▶ _PROBLEM DETAILS_
Every line below from the one containing "Team thích lãng" through the one containing "Nina Monteiro Ballet" must be transcribed exactly. Omit all lines outside that stretch.

▶ _EXTRACTED ENTRIES_
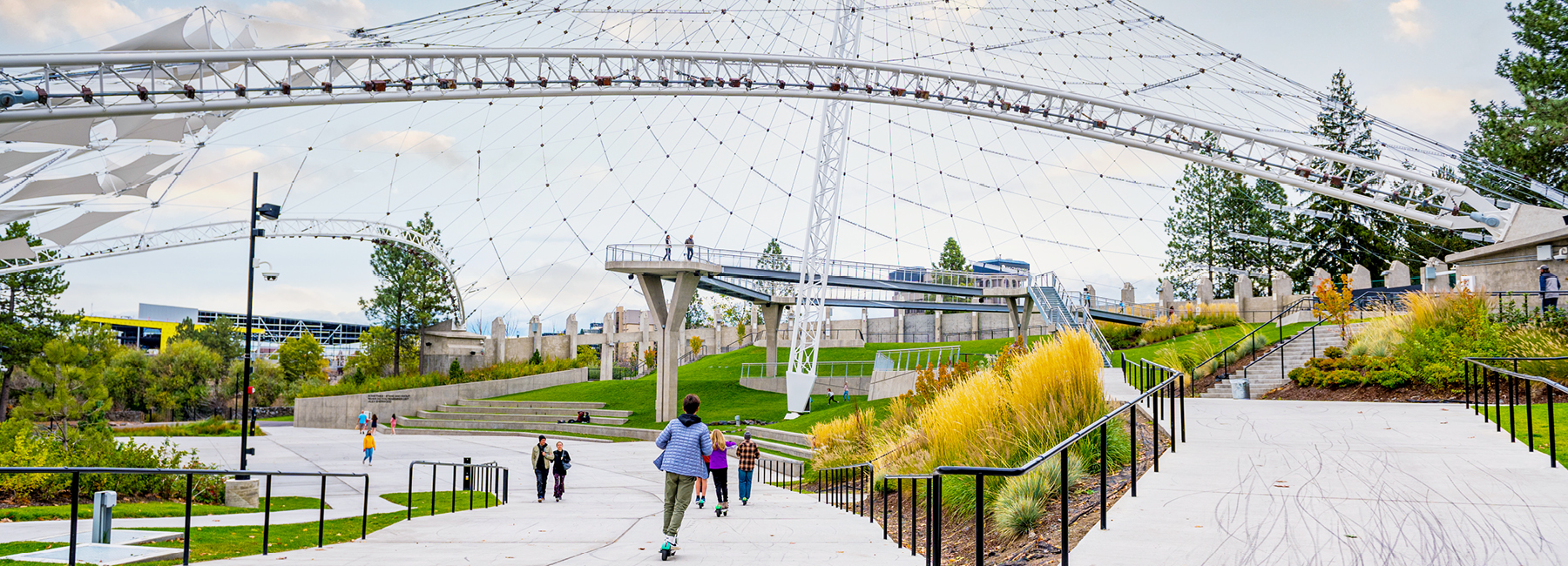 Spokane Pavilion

--

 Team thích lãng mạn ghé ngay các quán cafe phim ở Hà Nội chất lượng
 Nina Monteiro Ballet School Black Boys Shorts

...

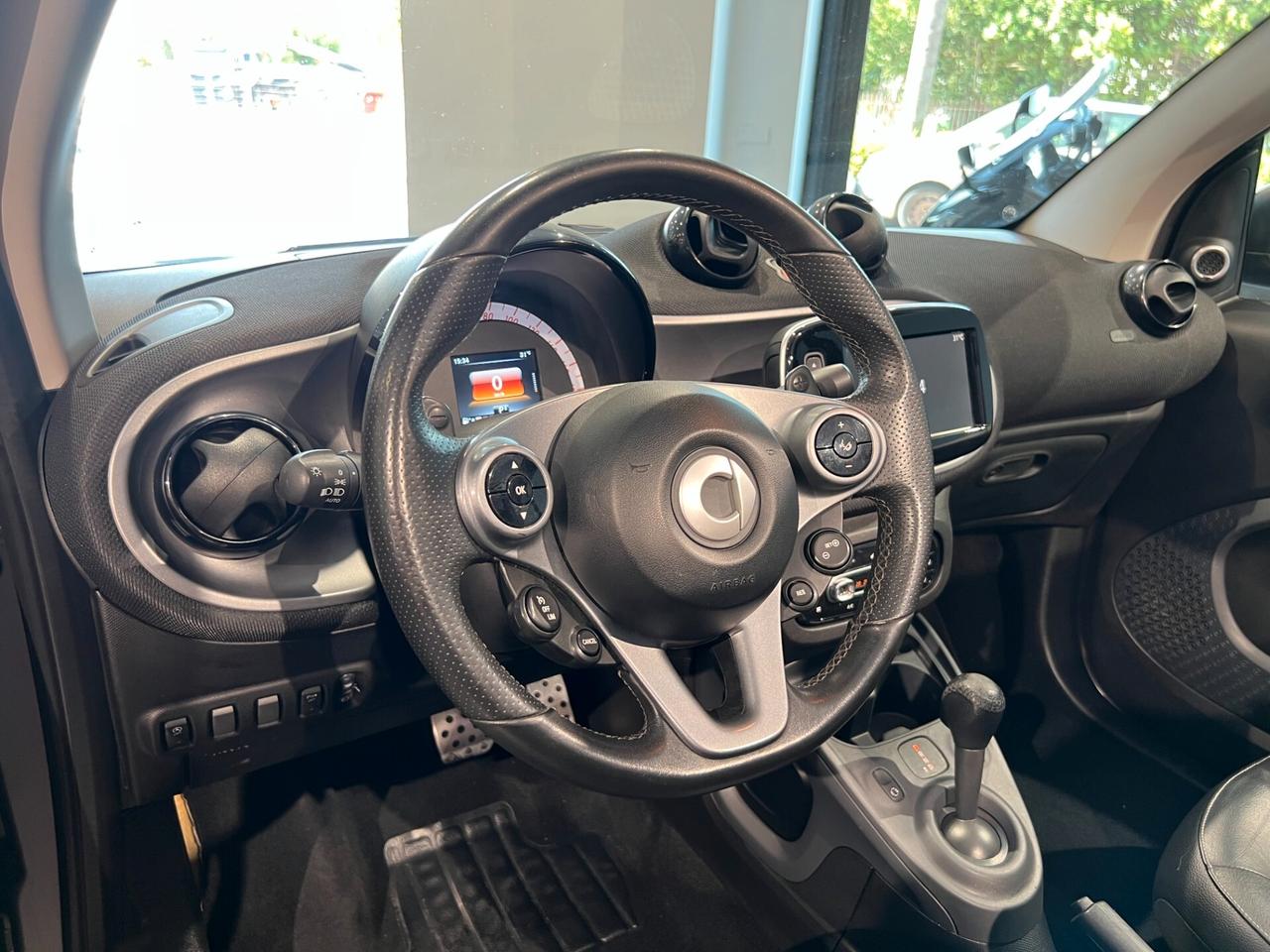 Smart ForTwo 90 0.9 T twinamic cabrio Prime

▶ _SOLUTION FOR THIS EXERCISE_
 Team thích lãng mạn ghé ngay các quán cafe phim ở Hà Nội chất lượng
 Nina Monteiro Ballet School Black Boys Shorts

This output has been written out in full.